'Retired' Periard Still Finding Ways to Serve Suttons Bay
By
Tom Spencer
Special for MHSAA.com
May 28, 2021
When Doug Periard retired in August, some thought he had done it all as a teacher, coach, mentor and athletic director for Suttons Bay Schools.
Retirement has proven many wrong.
He did intend to stay on as the baseball coach at least thru the 2022 season. He also thought he’d help out some with the bus driver shortage using the CDL (Commercial Drivers License) he’d recently obtained. Substitute teaching sounded good to him too.

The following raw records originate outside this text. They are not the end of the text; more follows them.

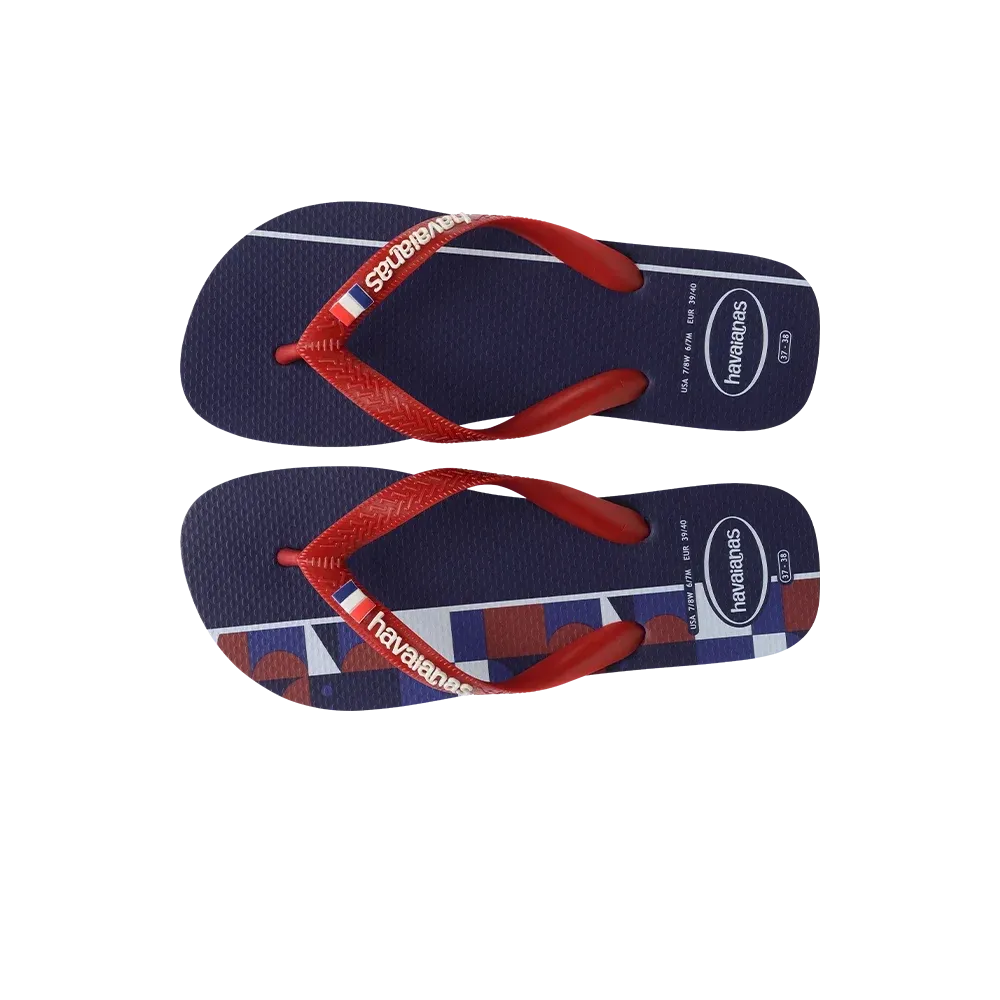 Havaianas - France Nations Flip-Flops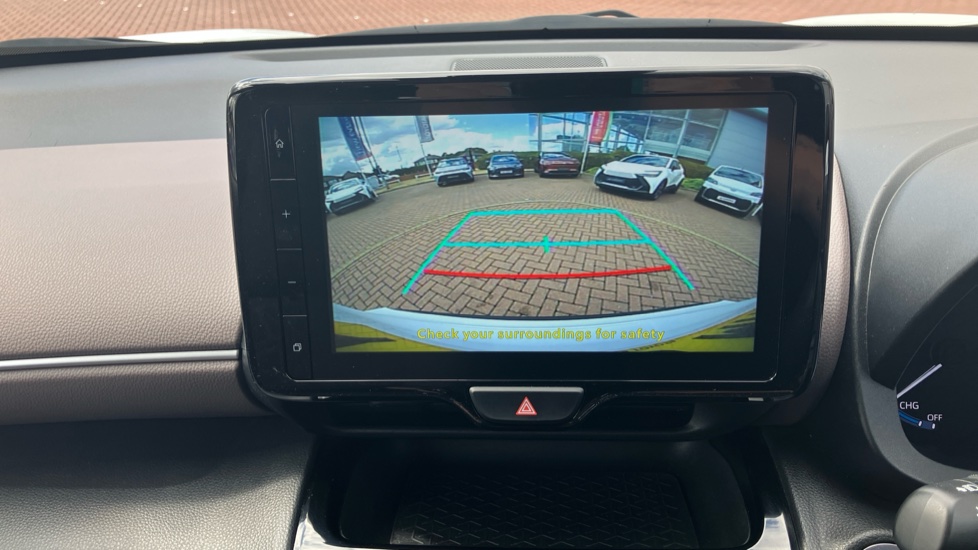 Toyota Yaris Cross 1.5 Hybrid Excel 5dr CVT Hybrid Estate - Image 42
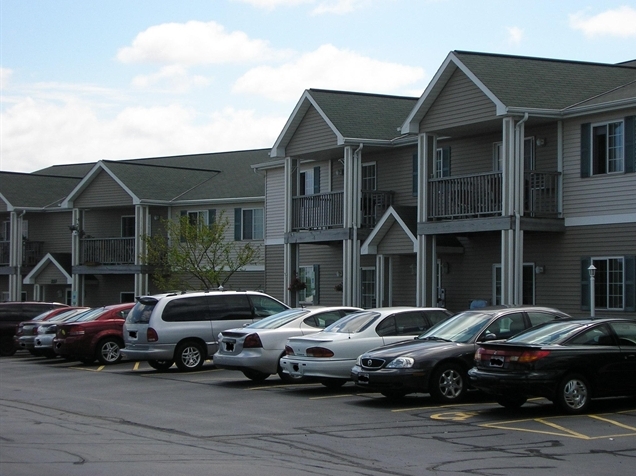 WINDSOR VILLAGE in Sheboygan Falls, WI - Building Photo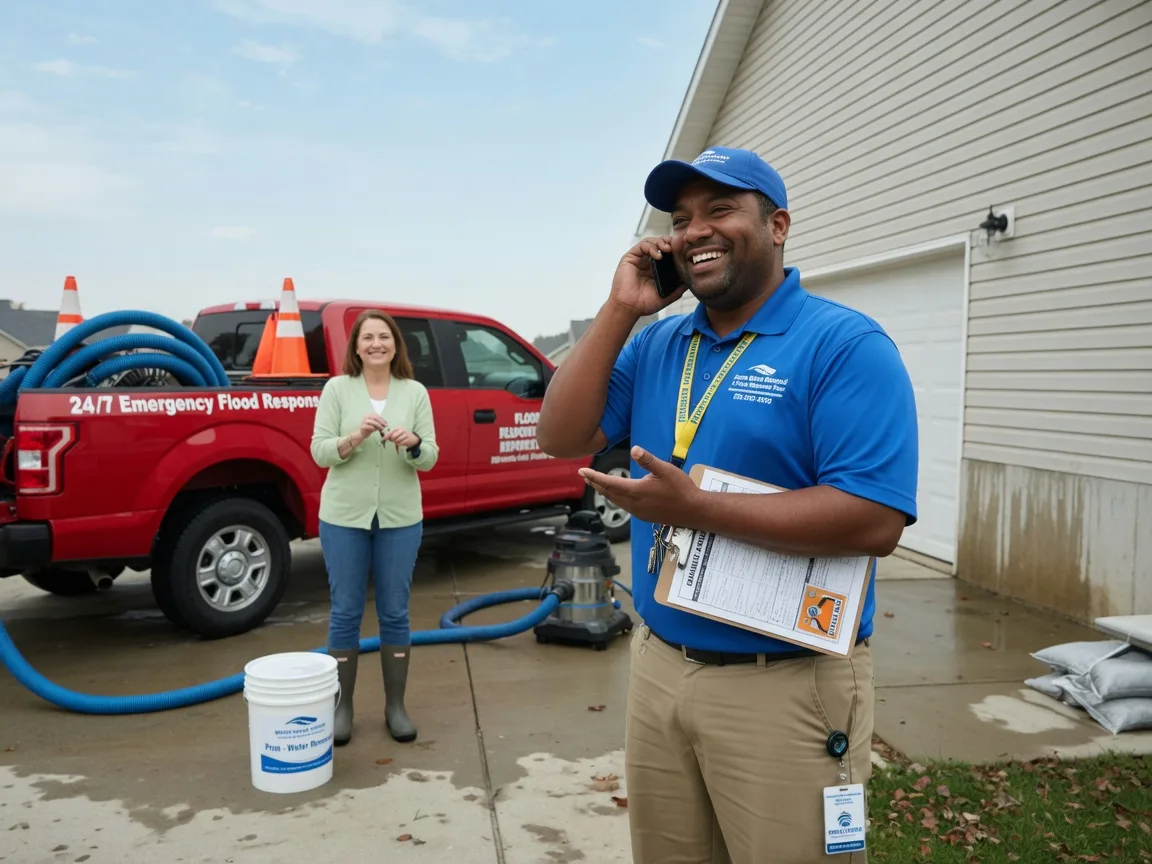 Storm Damage Water Removal Karthaus, PA FAQs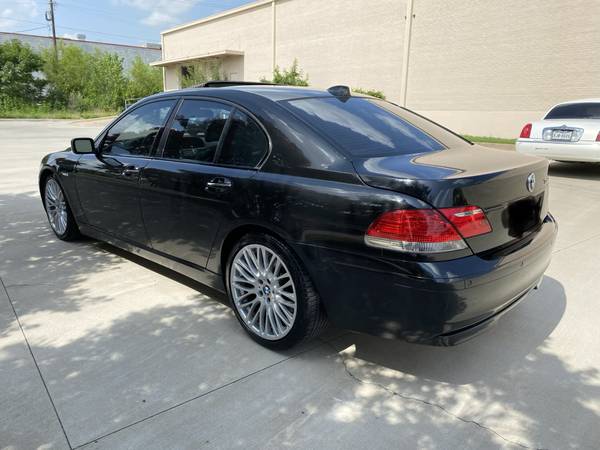 2008 BMW 750i - cars & trucks - by dealer - vehicle automotive sale for sale in Dallas, TX – photo 6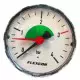 Manometr FLAMCO - 4 bar (závit 1/4 zadní)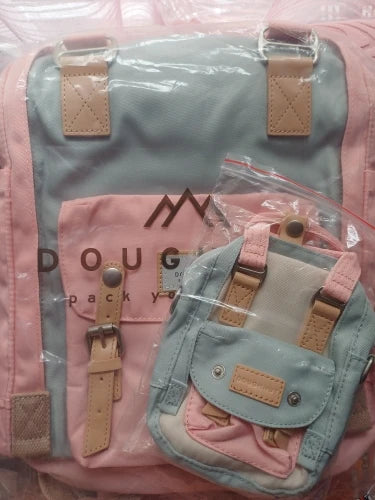 Photo du sac à dos femme ordinateur 14 pouces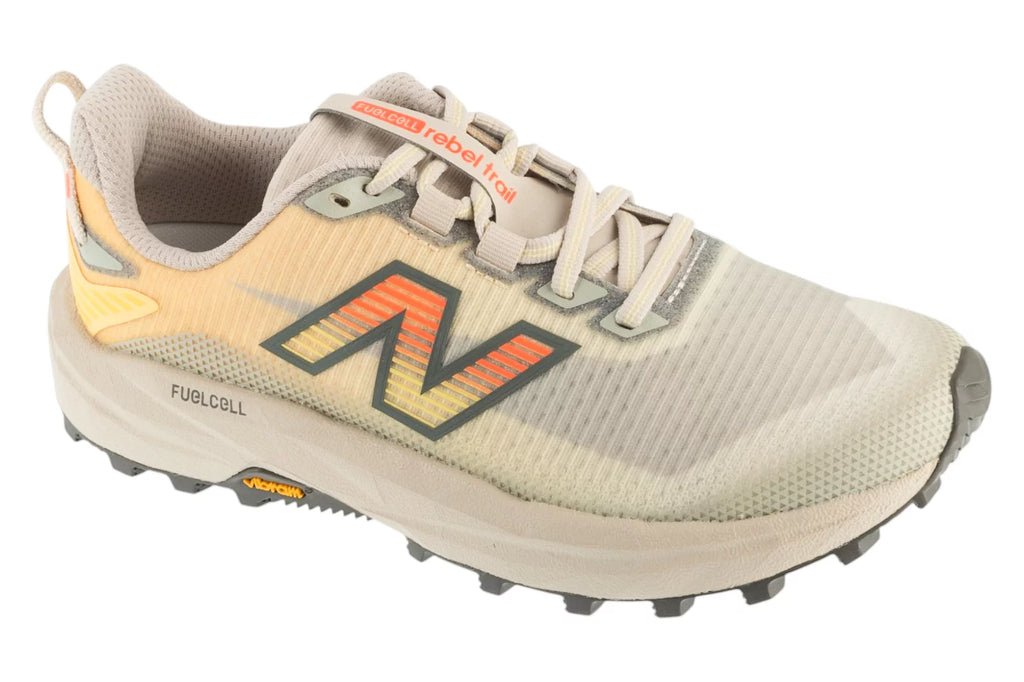 New Balance FuelCell Rebel Trail WRBT6G2 - Beżowe
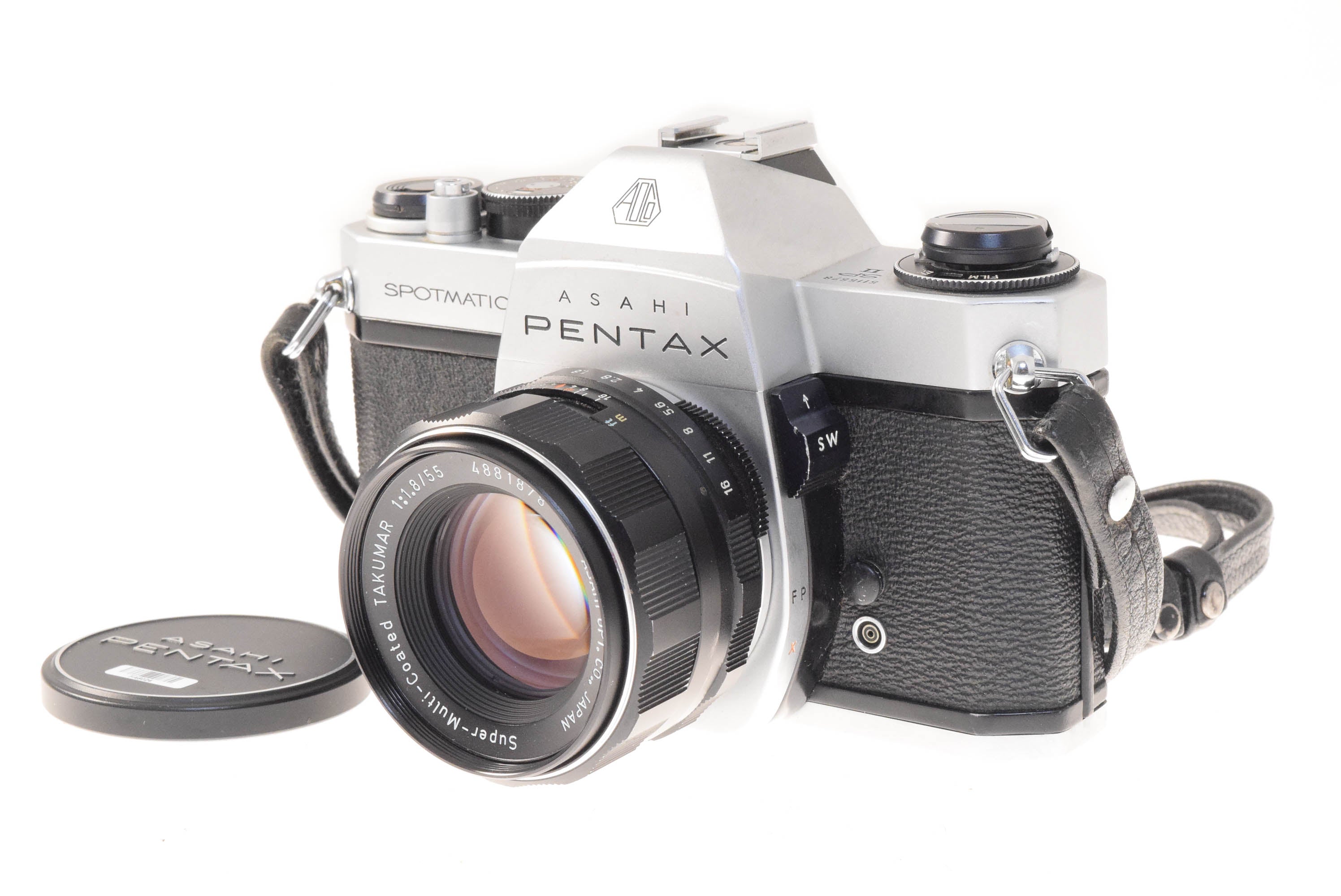 Pentax Spotmatic SP II - Camera – Kamerastore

So he came back in October. He immediately took on an emergency assignment, coaching the school’s 8-player football team to a win over Manistee Catholic Central. He also drove the bus to the game.
“Doug is that kind of guy ... when there is a need to filled, Doug will fill it for you,” said Andy Melius, principal at Suttons Bay. “The community means a lot to him, and the school means a lot to him. He bleeds red and white.”
Also since returning, he’s served as a K-1 gym teacher, filled in at the school’s front desk and headed up the district’s COVID-19 testing as the Quarantine Officer.
On Tuesday, Periard will coach baseball after driving the bus transporting the Norsemen to Buckley to begin postseason play. It’s no different than what he’s been doing all spring.
However, some questioned if Periard could handle bus driving and coaching on the same day.
“It’s been interesting,” Periard said with a little laugh. “I was a champion at taking a nap (on the bus as coach).
“I would be asleep before we got to the split in the road and wake up when we got there,” he continued. “So, there was some real skeptics out there wondering if I’d be able to both drive and coach when I got there.”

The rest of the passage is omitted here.